Code Writing Code

I’m not sure why I hadn’t thought of this sooner, but in a very small software company, using a code generator would not only seem to be a great time saver, but would be an invaluable tool for creating vast quantities of reusable, high quality code. This is assuming of course that you do a good job with the templates to begin with.

One of my first experiences with code generation was working at Clearwire. The web based ordering software I was working on was under the unfortunate constraint of reporting to the sales and marketing team. Reporting to either of these groups alone would be a nightmare, but at Clearwire, doubly so as they were basically the same department. Even more difficult was that I was located in Buffalo, NY while the Sales/Marketing team was  located in Dallas, Texas.

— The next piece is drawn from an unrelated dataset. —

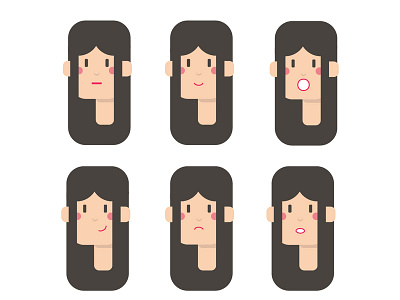 Girl Flat Art 2d character art character design charcater design emojis expressions face flat design flat character girl vector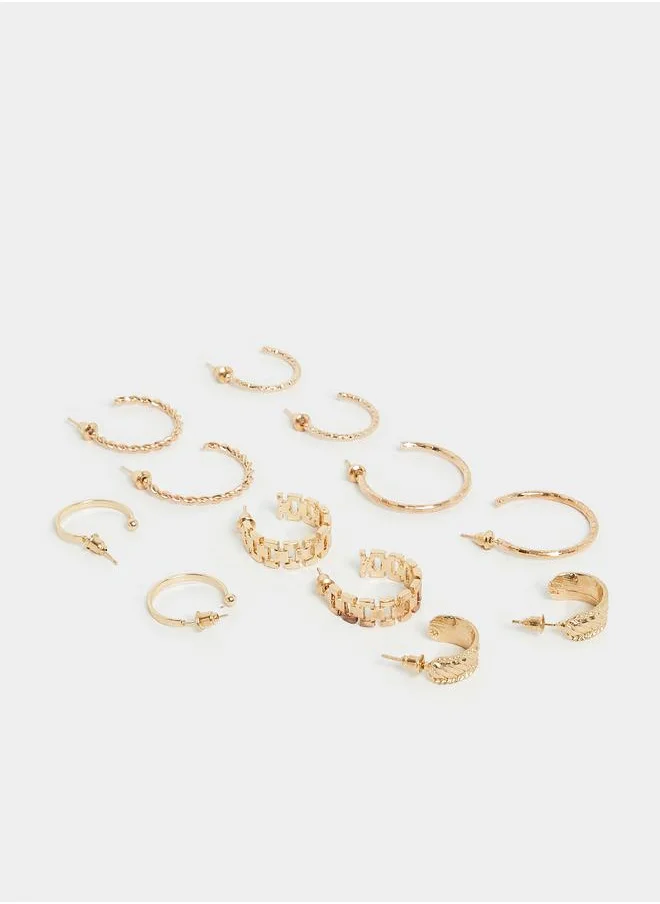 Styli Set of 6 - Metal Texture Hook Earrings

I rather clearly remember one particular nightmare I ended up getting involved in. Let me give you the short story.

Week 1:
VP: “Hey Mike, can you make up some suitable text for this web page?”
Mike: “No problem.”

Later that day:
VP: “Mike, can you change that text you made up from X to Y? I’d appreciate it, and keep up the good work.”
Mike: “Sure, and thanks!”

Week 2:
VP: “Mike, can you change the text from Y to X for me?”
Mike: “Sure, no problem.” (Heh. Should have done it my way to begin with)

Week 3:
VP: “Mike, got a favor to ask. Can you change the text from X to Y? That would be great.”
Mike: “Hmm. Well, I guess so.”

Week 4:
VP: “Mike, the text on that page gives the wrong impression to our customers, can you change it from Y to X?”
Mike: “It just was X and you had me change it.”
VP: “Really? Well, I’m sorry. Can you change it please?”
Mike: “Allright.”

Week 5:
VP: “Hey, you got a second? Can you change the text from X to Y?”
Mike: “It just was Y.”
VP: “Who told you to change it?”
Mike: “ummm. You did.”
VP: “Really? Oh, I’m sorry about that. Can you change it back please?”
Mike: “No.”
VP: “What? Why not?”
Mike: “Because I’ve got too much code to write to respond to trivial requests to change meaningless text that nobody reads anyway just because you woke up on a different side of the bed than you usually do after drinking all night and snorting pixie stix with your buddies!”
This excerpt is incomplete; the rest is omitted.